DIRECTIONS ::
Quote, word for word, only the lines running from the line with "Ak onderhoudsbedrijf.jpg" through the end of the listing. Leave out the pictures.

----

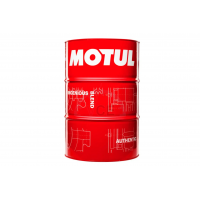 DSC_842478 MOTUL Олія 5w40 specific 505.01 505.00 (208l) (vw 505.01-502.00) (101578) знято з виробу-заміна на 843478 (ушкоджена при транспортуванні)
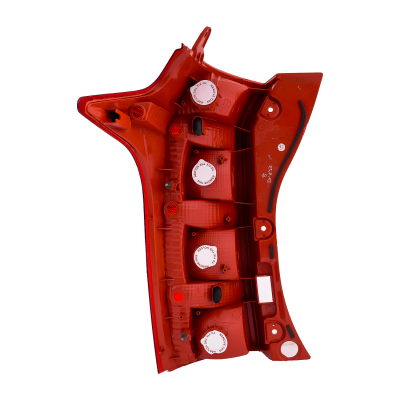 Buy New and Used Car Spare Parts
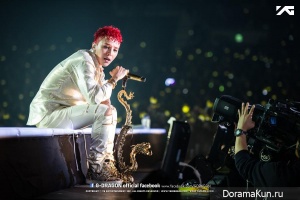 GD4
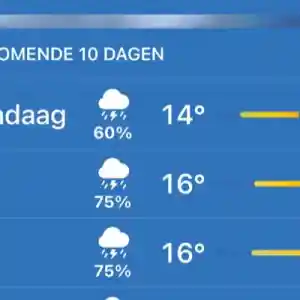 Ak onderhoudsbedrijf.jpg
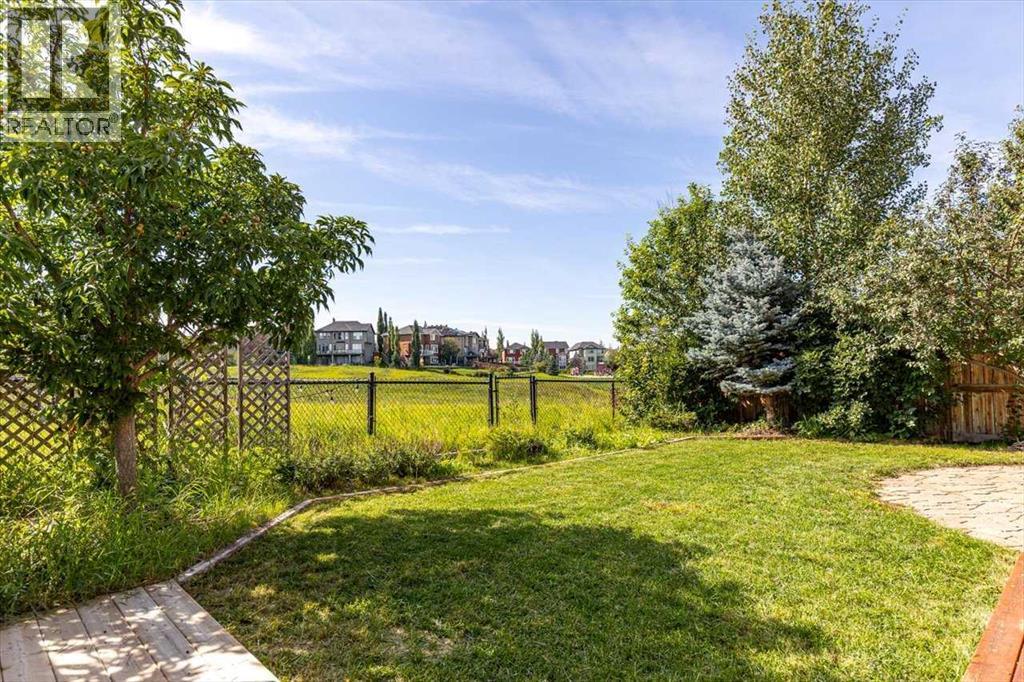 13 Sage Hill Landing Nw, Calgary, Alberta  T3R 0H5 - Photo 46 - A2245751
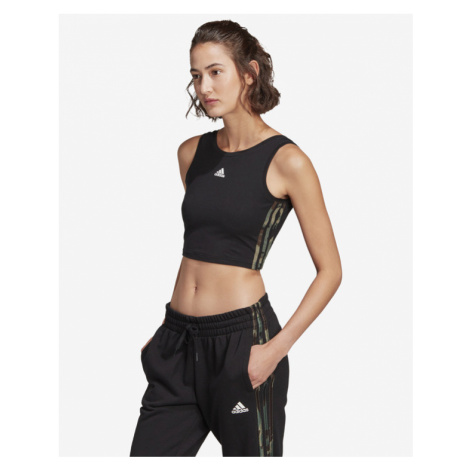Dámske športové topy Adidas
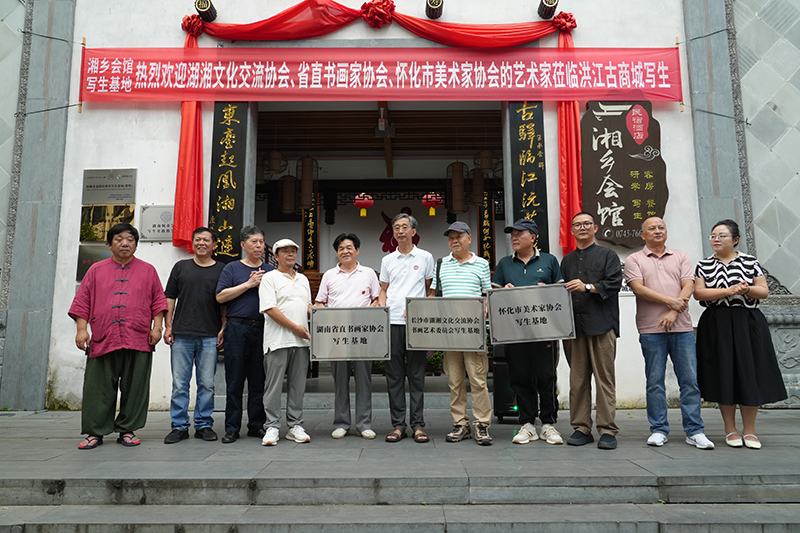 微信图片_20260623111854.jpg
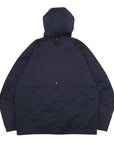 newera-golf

----

RESULT OF THIS EXERCISE ::
 Ak onderhoudsbedrijf.jpg
 13 Sage Hill Landing Nw, Calgary, Alberta  T3R 0H5 - Photo 46 - A2245751
Dámske športové topy Adidas
 微信图片_20260623111854.jpg
 newera-golf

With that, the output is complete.